A short sequence avoids errors. First, identify the state where the document will be executed or where the property lies. Second, check whether that state uses SHCIL, its own portal, or franking. Third, locate an authorised centre or the online facility. Fourth, confirm the duty for the specific document, since the rate is set by the state. This is the same care that the guide to buying e-stamp paper online recommends.
Why the state matters more than the channel
The single most important rule is that stamp duty belongs to the state where the document is used, not where the buyer happens to be. A certificate generated under the wrong state's system does not satisfy the duty for a transaction in another state, and a sub-registrar can refuse it. This catches people who move between cities or own property away from where they live.
For property in particular, the state of the property governs the duty and the registration, so a buyer stamping a deed for a flat in another state must use that state's rate and system. Getting the state right is therefore more important than which channel is used within it, because an otherwise perfect e-stamp certificate is useless if it names the wrong state.

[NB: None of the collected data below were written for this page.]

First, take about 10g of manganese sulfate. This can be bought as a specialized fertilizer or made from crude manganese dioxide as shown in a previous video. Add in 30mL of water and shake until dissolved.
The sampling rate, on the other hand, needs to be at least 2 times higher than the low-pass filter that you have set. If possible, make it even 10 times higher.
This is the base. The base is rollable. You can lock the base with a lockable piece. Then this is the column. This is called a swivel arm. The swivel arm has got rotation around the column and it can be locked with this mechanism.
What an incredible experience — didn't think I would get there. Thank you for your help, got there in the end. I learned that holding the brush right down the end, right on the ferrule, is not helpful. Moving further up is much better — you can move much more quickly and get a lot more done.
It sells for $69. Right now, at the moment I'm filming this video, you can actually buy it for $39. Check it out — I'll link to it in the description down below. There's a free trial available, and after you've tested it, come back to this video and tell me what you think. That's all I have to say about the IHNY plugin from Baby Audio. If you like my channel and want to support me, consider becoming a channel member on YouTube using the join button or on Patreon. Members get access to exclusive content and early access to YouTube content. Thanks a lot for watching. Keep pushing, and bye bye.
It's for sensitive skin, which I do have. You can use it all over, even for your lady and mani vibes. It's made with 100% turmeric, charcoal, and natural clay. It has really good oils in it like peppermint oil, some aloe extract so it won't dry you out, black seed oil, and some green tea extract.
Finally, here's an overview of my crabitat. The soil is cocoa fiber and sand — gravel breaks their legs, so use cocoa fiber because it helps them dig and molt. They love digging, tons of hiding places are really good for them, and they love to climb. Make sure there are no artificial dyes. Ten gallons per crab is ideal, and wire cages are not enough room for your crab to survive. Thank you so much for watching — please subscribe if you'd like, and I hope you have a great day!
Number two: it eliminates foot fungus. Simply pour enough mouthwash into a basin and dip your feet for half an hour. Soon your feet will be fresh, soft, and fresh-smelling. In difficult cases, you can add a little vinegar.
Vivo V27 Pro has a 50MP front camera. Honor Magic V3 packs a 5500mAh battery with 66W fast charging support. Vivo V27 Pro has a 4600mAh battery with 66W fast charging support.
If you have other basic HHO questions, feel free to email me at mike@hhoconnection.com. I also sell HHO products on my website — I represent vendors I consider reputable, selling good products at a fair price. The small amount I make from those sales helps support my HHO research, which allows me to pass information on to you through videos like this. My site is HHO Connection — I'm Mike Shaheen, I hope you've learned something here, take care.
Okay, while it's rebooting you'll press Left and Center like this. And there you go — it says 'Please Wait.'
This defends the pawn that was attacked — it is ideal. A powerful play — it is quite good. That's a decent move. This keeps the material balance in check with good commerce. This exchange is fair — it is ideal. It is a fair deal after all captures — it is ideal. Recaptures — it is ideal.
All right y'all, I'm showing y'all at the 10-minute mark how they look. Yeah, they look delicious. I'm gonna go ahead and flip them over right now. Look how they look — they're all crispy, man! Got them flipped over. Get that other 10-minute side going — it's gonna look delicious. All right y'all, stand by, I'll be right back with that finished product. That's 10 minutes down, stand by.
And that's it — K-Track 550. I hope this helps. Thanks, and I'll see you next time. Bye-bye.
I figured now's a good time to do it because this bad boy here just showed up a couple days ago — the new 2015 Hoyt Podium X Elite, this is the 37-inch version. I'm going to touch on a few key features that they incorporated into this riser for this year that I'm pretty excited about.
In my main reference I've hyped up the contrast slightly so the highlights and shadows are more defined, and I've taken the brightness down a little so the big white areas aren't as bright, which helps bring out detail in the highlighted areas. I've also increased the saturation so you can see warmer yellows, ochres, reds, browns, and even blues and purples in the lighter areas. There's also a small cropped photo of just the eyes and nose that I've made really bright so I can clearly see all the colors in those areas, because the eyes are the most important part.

Out-of-state and NRI documents
People executing documents from outside the relevant state, including NRIs, must still use the correct state's stamp duty. A person living in one city but buying property in another, or an NRI executing a power of attorney for a property in India, has to pay the duty of the state where the property lies or the document takes effect. The buyer's own location does not change which state's duty applies.
The practical route is to use a SHCIL centre or online service that can generate a certificate under the required state, or to have a representative in that state arrange the stamping. For a power of attorney executed abroad, additional steps such as attestation at an Indian mission and adjudication on arrival in India may apply, so professional guidance is sensible for cross-border documents. The core rule remains that the state where the document operates governs the duty.
Looking ahead
The direction across all states is toward e-stamping, and the remaining physical-paper regions are steadily adopting it. As more states integrate e-stamping with online property registration and digital workflows, the patchwork is slowly converging on a common pattern of verifiable certificates, even if the exact portal still differs by state. The gap between the most and least digitised states is narrowing year by year.
For now, the practical lesson stands: the method depends on the state, so check before buying. The duty and the legal effect are uniform across the country, but the channel is not, and confirming the right one for the relevant state is what turns a quick purchase into a document that the registering office will actually accept.